Continuing yesterday's musings …
I will begin collecting Social Security benefits in May. As I approach 62, I realize (as I do every time I get serious about my health/fitness) I should have started last year. Or the year before. Or maybe I shouldn't have quit doing what worked 20 years ago. Or 40, for that matter.
Forty years ago I joined Weight Watchers for the first of many times. MadAnne commented yesterday that WW makes her angry. I know what she means, although it doesn't make me angry, exactly. When I'm following the Weight Watcher plan I am obsessed with my next meal or snack. I can't not think about it. I have a similar problem with just tracking food in a journal, whether it be handwritten or electronic, but being part of the WW experience is somehow larger, more in-my-face, than something I do on my own.
I was successful in that early iteration of Weight Watchers. I got to my goal weight within a year (I lost 38 pounds altogether but was pregnant for the first seven months), and I then joined the organization as a meeting leader. I stopped working for them after about three years, when I needed to find full-time employment. And, of course, without that accountability sword hanging over my head, I began a long, slow climb to an unhealthy weight. Again.
Back then, WW didn't require any kind of physical activity. The food was rigidly prescribed. We didn't count calories or points, we just ate what Jean Nidetch said we should eat and we got to our goal weight. It's rather amazing, looking back at it from this vantage point, that eating that food in those amounts without sweating actually worked. All the studies and research that have been done between then and now would suggest otherwise.
Twenty years ago I took up a low-fat diet, along with every other fat person I knew. Fat-free lunch meat was fine, as were fat-free bagels, but skip the mayo and butter. I had also stopped eating sugar a couple years earlier, resulting in one of the most unbalanced and least healthy diets I've ever been on.
But I lost weight. I was also working out like a maniac (two hours a day in a gym) and running a lot, so it's hard to say which element resulted in the weight loss. I also developed extremely dry skin, my hair became dull and lifeless and started falling out and I was cold All. The. Time.
When I moved here to the Middle of Nowhere to be with my now-husband, I was just about the thinnest I'd ever been as an adult. (I weighed 135; at one point during the low-fat phase, I weighed 128 for about five minutes.) I started eating sugar again and began cooking regular meals for the first time in a long time. There was no gym here at that time, but we had a rowing machine and a Stairmaster and a weight bench and hills to climb.

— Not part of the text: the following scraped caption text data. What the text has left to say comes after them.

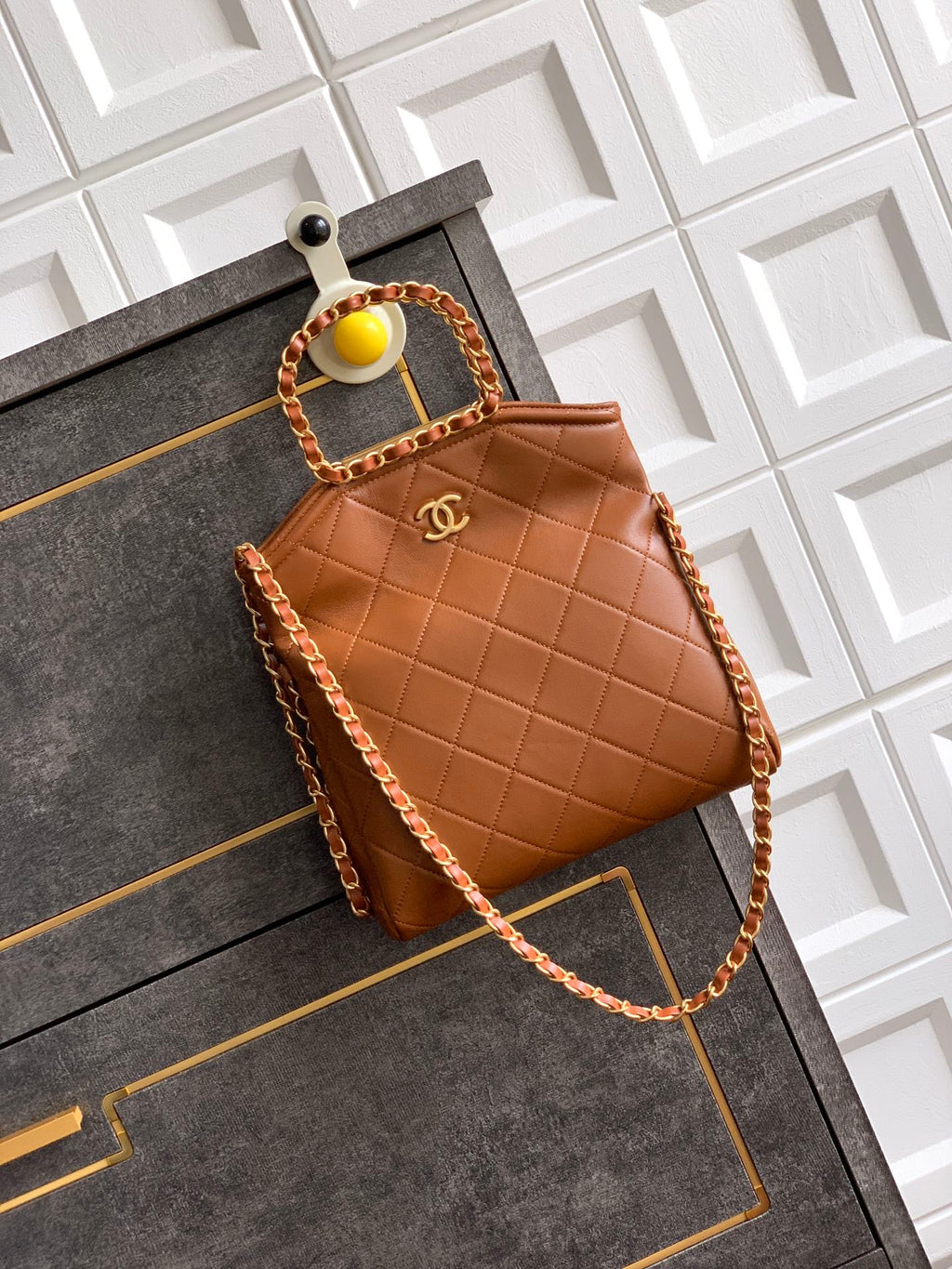 Small Quilted Top Handle Chain Bag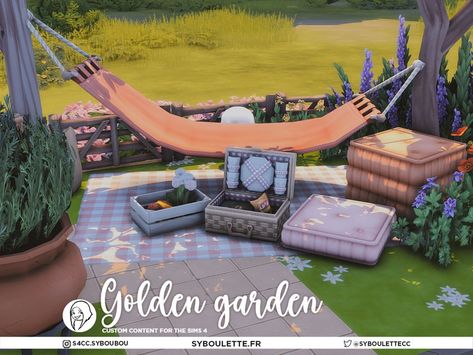 Garden Sims 4, Sims 4 Garden Cc, Garden Lamp Post, Golden Garden, Small Fence, Climbing Flowers, Sims 4 House Building, Stone Stairs, Garden Floor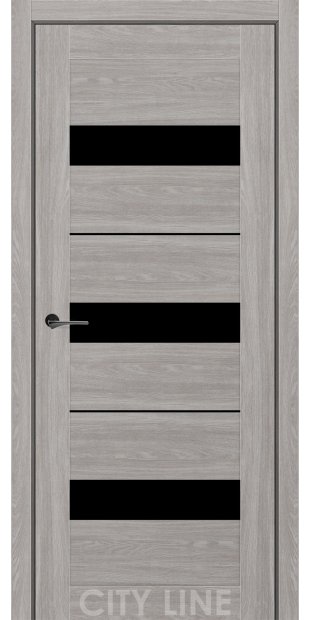 Межкомнатные двери CityLine Express SORANA korfad-express-sorana-dub-gladstoun-grei-cityline-express-s-cernym-steklom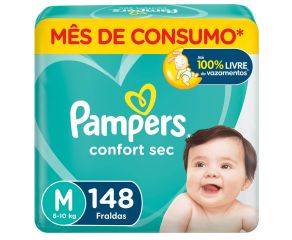 Fralda Infantil Pampers Confort C/148 M 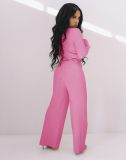 Solid Rib Long Sleeve Two Piece Pants Set MYF-171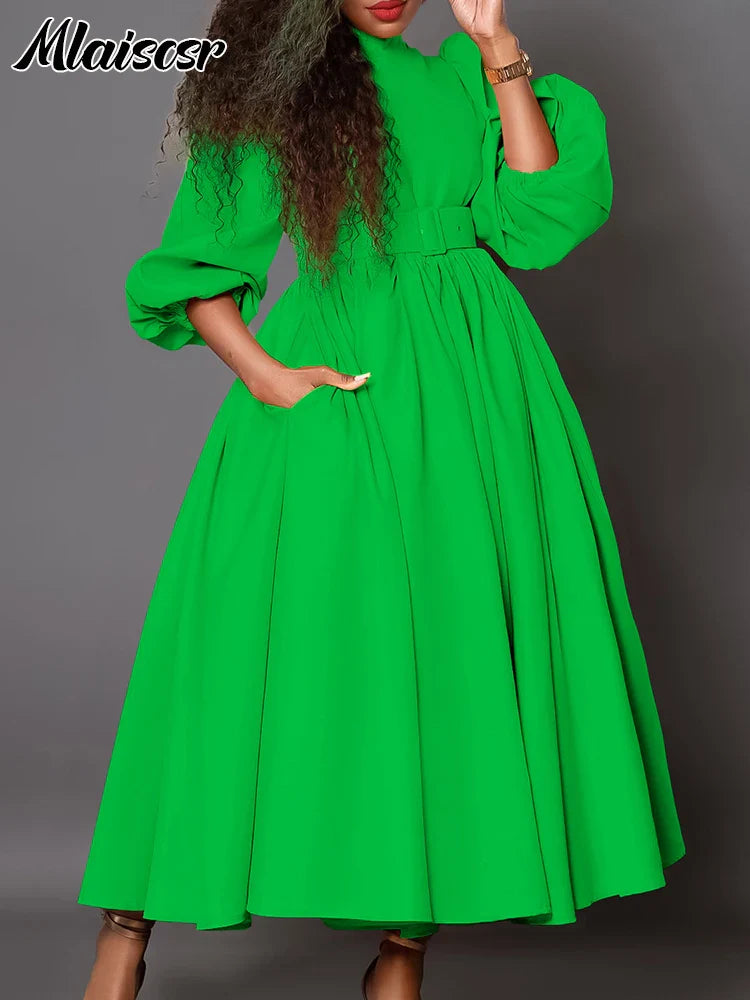 Mlaiscsr Elegant Evening Wedding Guest Party Yellow Pleated Dress Woman O Neck Long Sleeve Belt Waisted Birthday Dinner Vestidos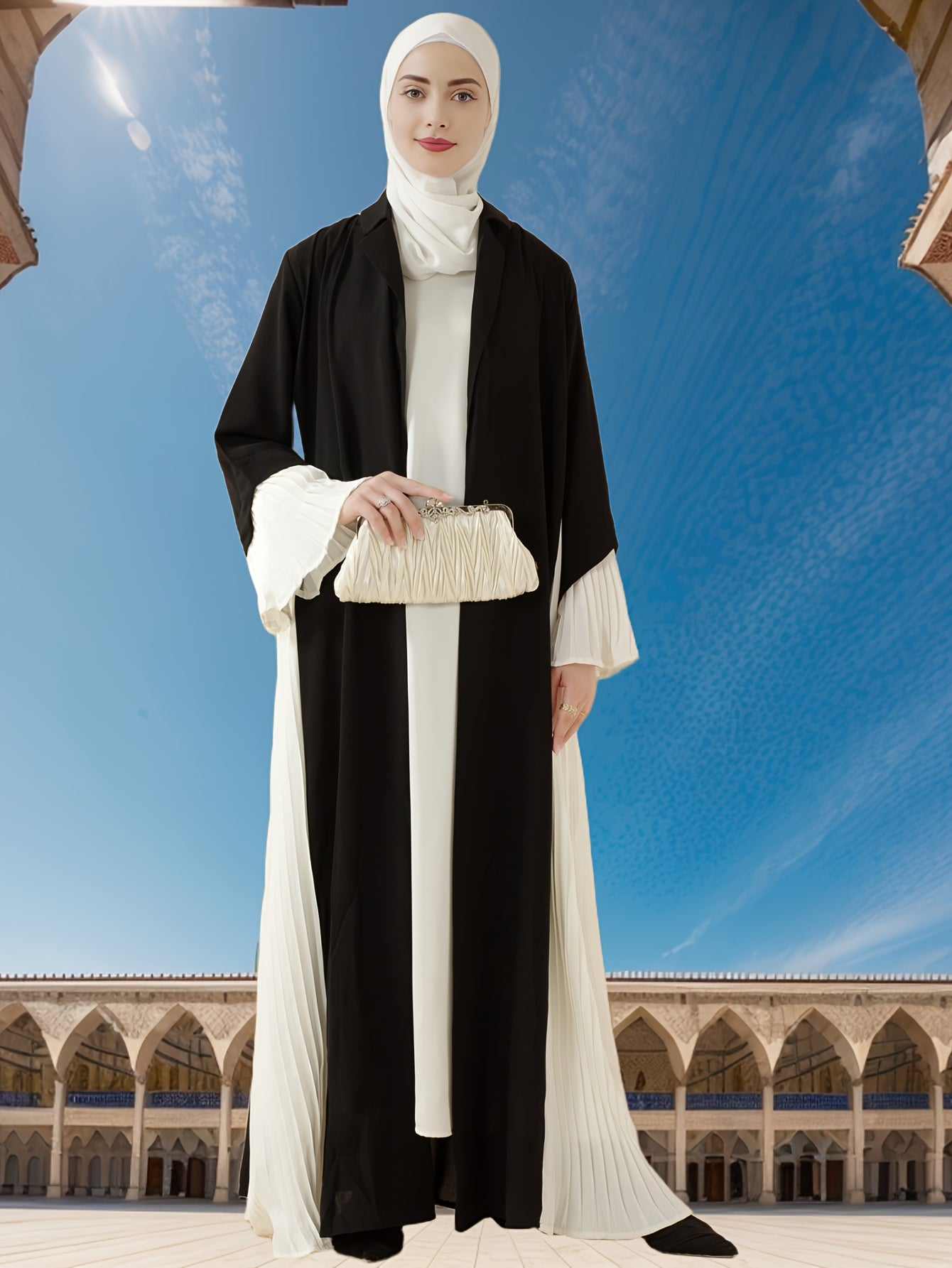 Elegant Black and White Contrast Pleated Open Front Abaya, Summer Lightweight H-Line Silhouette, Breathable Non-Stretch Fabric, Regular Sleeve Design for Women, Cultural & Formal Wear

Honestly, though, the weight began creeping back on. And on. AND ON. And I now find myself at nearly my highest weight ever. Again. And I've followed plans and worked out and not lost weight so many times in the last 10 years that it's hard to get psyched about doing it again.
And so I will not get psyched. I will just soldier on, one day at a time, eating reasonable portions of healthful foods with an occasional (once a week) treat. I'm going to eat about 1500 calories a day, which satisfies my appetite and fulfills my nutritional needs.
Yesterday went well. According to LoseIt!, I was 83 calories shy of my goal, but I wasn't hungry and didn't feel like I had to eat more. I found a beginner dumbbell routine on YouTube and did one set; I intend to work my way up to three sets. I watched 30 minutes of a recorded episode of SNL while I worked out on the elliptical.
I didn't agonize over any of this. I just put one foot in front of the other and did what I said I would do. I'll do it again today. My hope is that each successful day will encourage me to have another one. Rational, matter of fact, steady … that's the goal.